= Muhammad Shaaban =

Egyptian diplomat (born 1942)

Muhammad Shaaban (born 13 June 1942) is a career Egyptian diplomat who served as the United Nations Under-Secretary-General for General Assembly and Conference Management, until July 2012. He was appointed to the position by United Nations Secretary-General Ban Ki-moon in February 2007.

Shaaban has acquired extensive knowledge about the United Nations. From 1984 to 1988, he served as Egypt's representative to the Second Committee of the United Nations Economic and Social Council, the United Nations Development Programme (UNDP), and several intergovernmental bodies and committees.
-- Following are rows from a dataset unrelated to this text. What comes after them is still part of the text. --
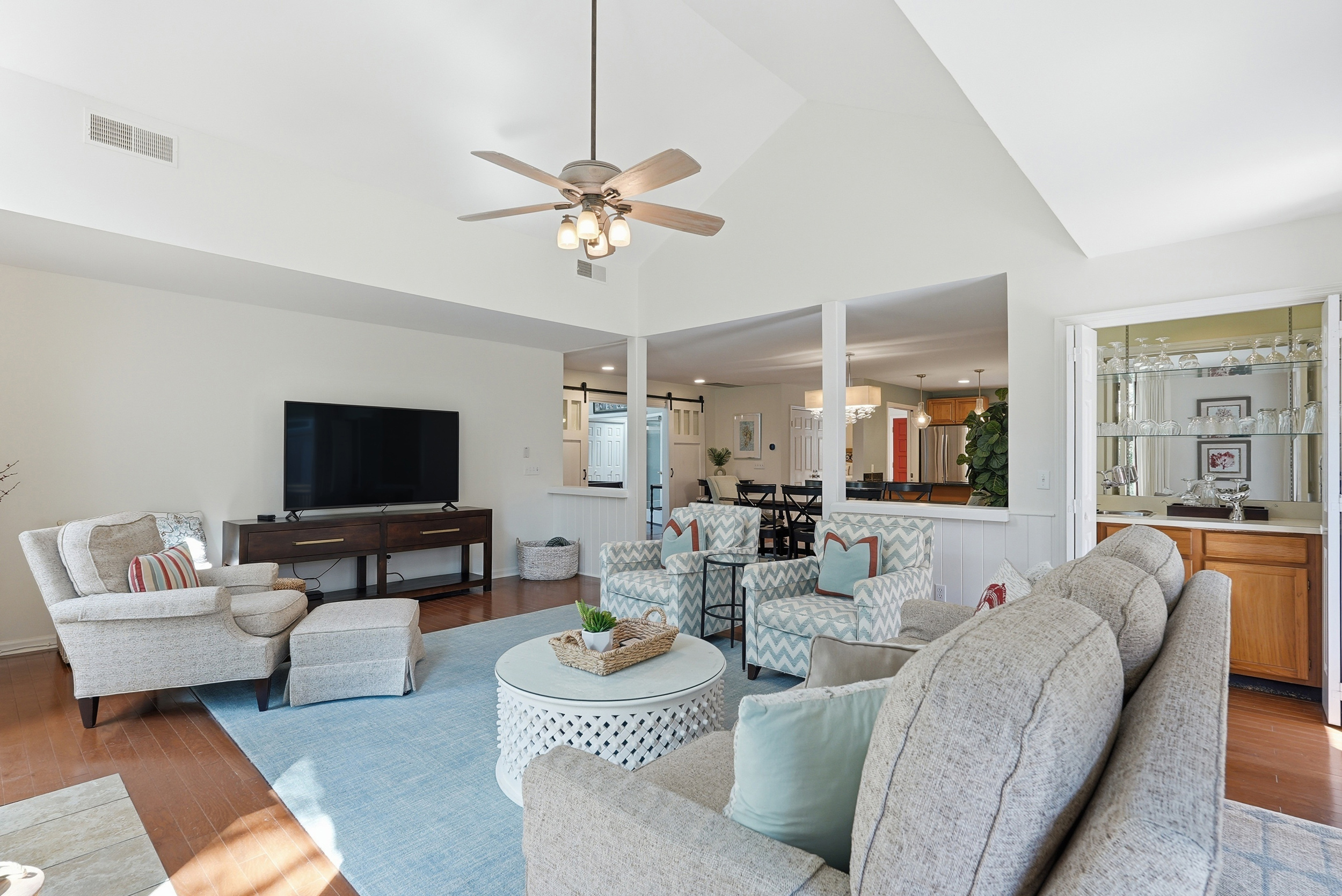 11 Hollyberry Lane | Photo 2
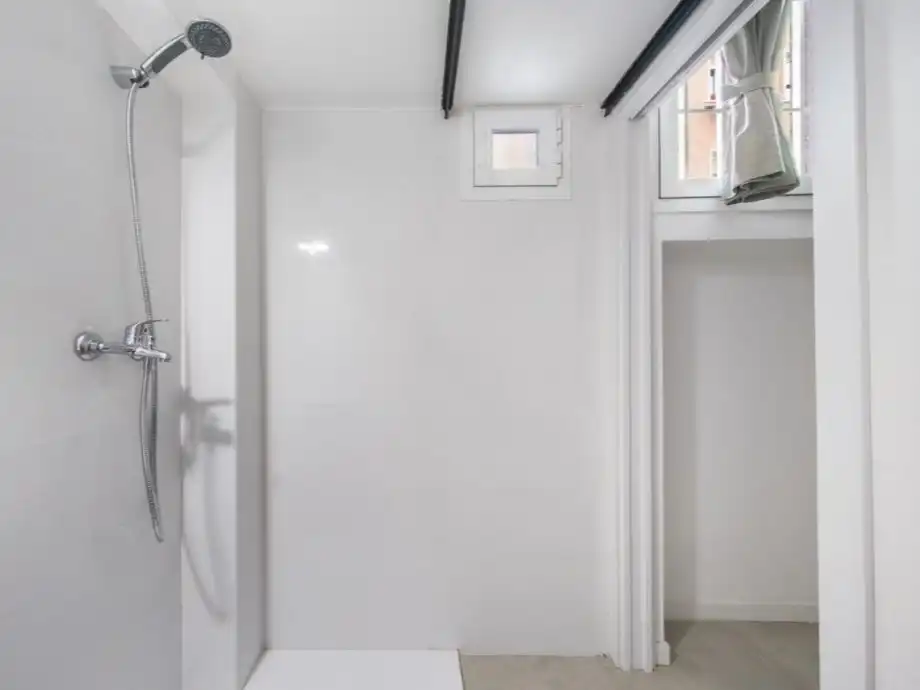 Study for rent in  Madrid Capital  with Air Conditioner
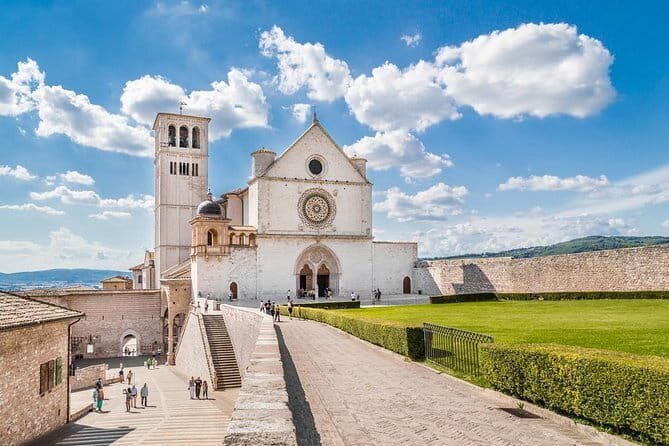 Private Full-Day Tour of Assisi and Cortona from Florence - Key Points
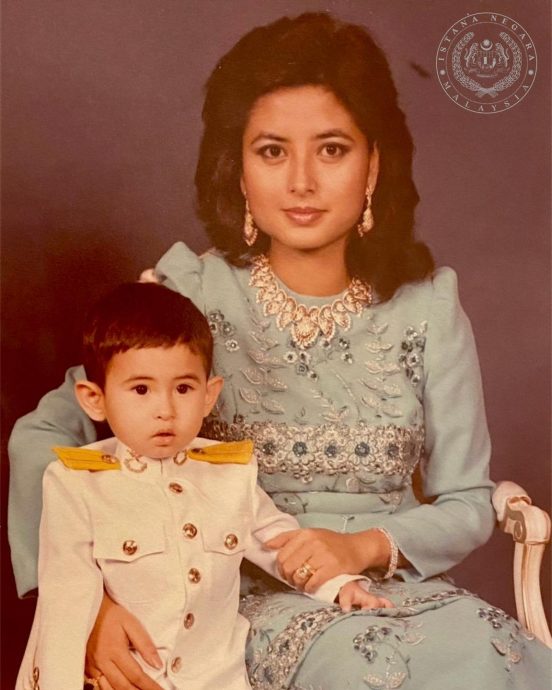 柔摄政王迎41岁生日   元首后贴文分享儿时点滴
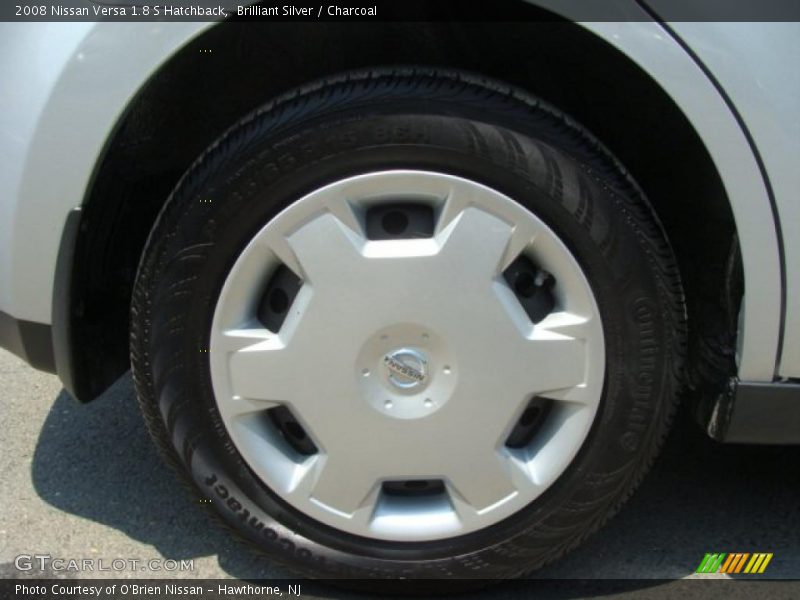 Brilliant Silver / Charcoal 2008 Nissan Versa 1.8 S Hatchback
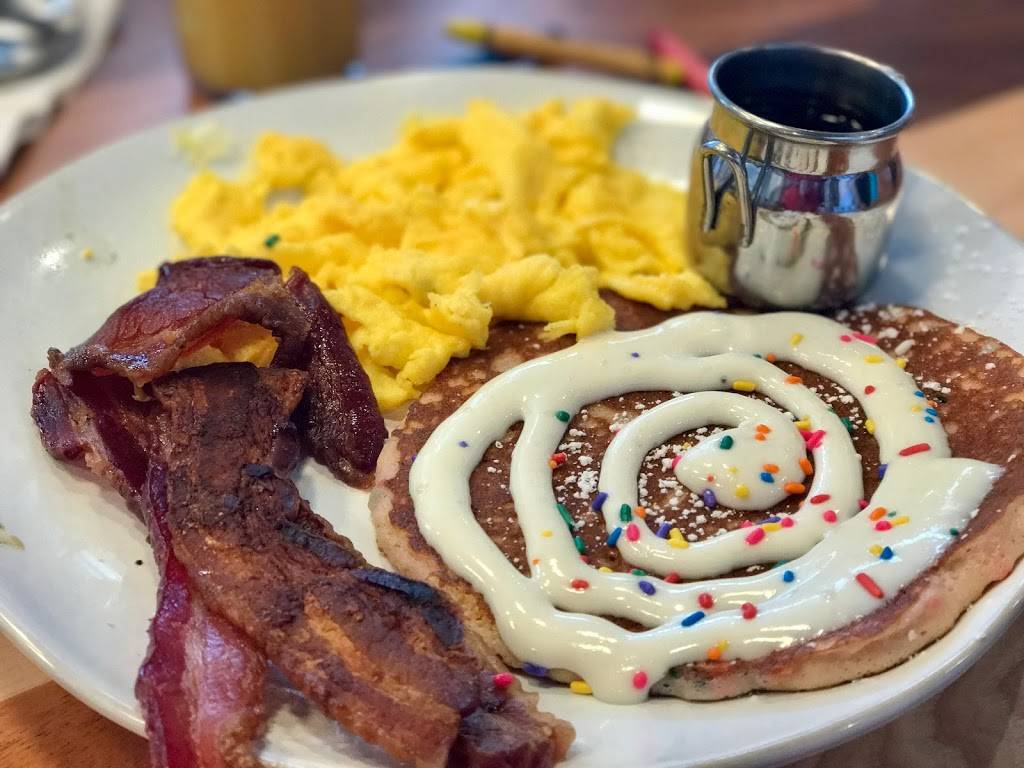 HomeGrown Wichita | restaurant | 2835 N Maize Rd, Wichita, KS 67205, USA | 3163515783 OR +1 316-351-5783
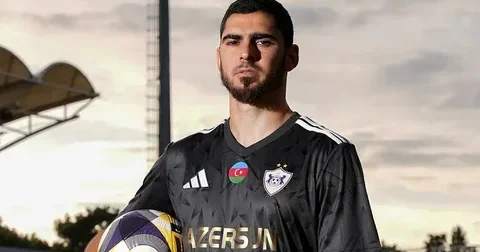 “Qarabağ”dan ayrılan oyunçu Rusiyaya gedir?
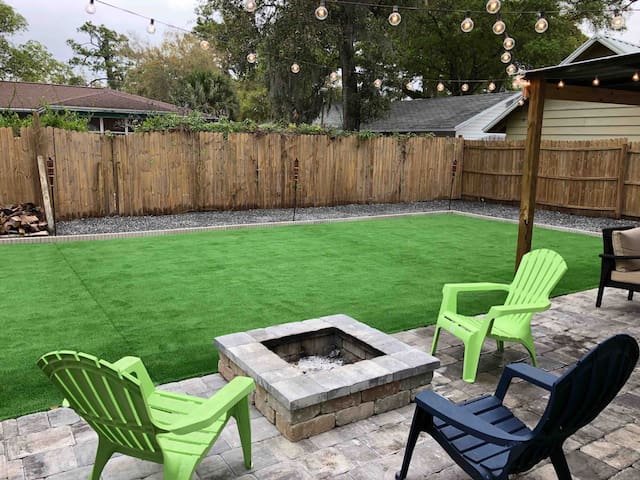 Private guest suite Downtown and close to beaches!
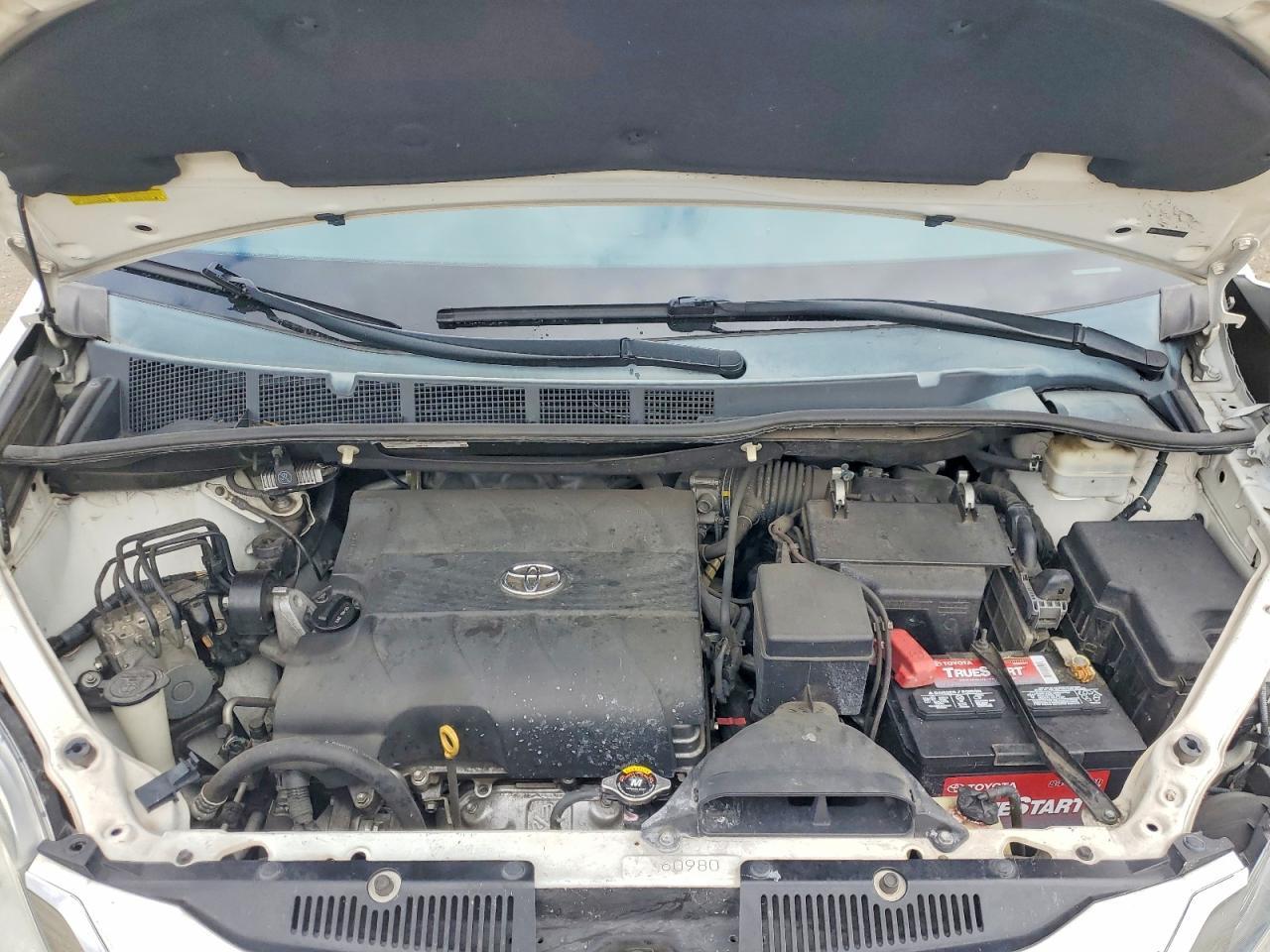2015 Toyota Sienna Le - zdjęcie 12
Between 1985 and 1986, he acted as the Coordinator of the "Group of 77" developing countries and China.

A seasoned diplomat, Shaaban served his government in various diplomatic capacities. From 1993 to 1997, he was Ambassador to Belgium and Luxembourg and Head of Egypt's Permanent Mission to the European Union in Brussels. In the following year, he served as Assistant Foreign Minister for African Affairs. Between 1998 and 2000, he was Ambassador to Denmark and Lithuania. From 2000 to 2001, he was Assistant Minister for Information, Research and Assessment and National Coordinator for Information, Research and Assessment. In the following three years, he served as Assistant Foreign Minister for European Affairs.

Shaaban has been National Coordinator for Reform Initiatives in the Middle East since 2004. In this capacity, he maintained relations with his foreign partners and coordinated with various departments in the Egyptian government as well as political parties and civil society. He also advised the Foreign Minister on various issues.

He obtained his Ph.D. in political science and his Master of Arts in international relations from Brussels University and since 2002 has been a visiting lecturer at the Diplomatic Academy of London at the University of Westminster. He speaks fluent English and French and has fair knowledge of Portuguese and Spanish.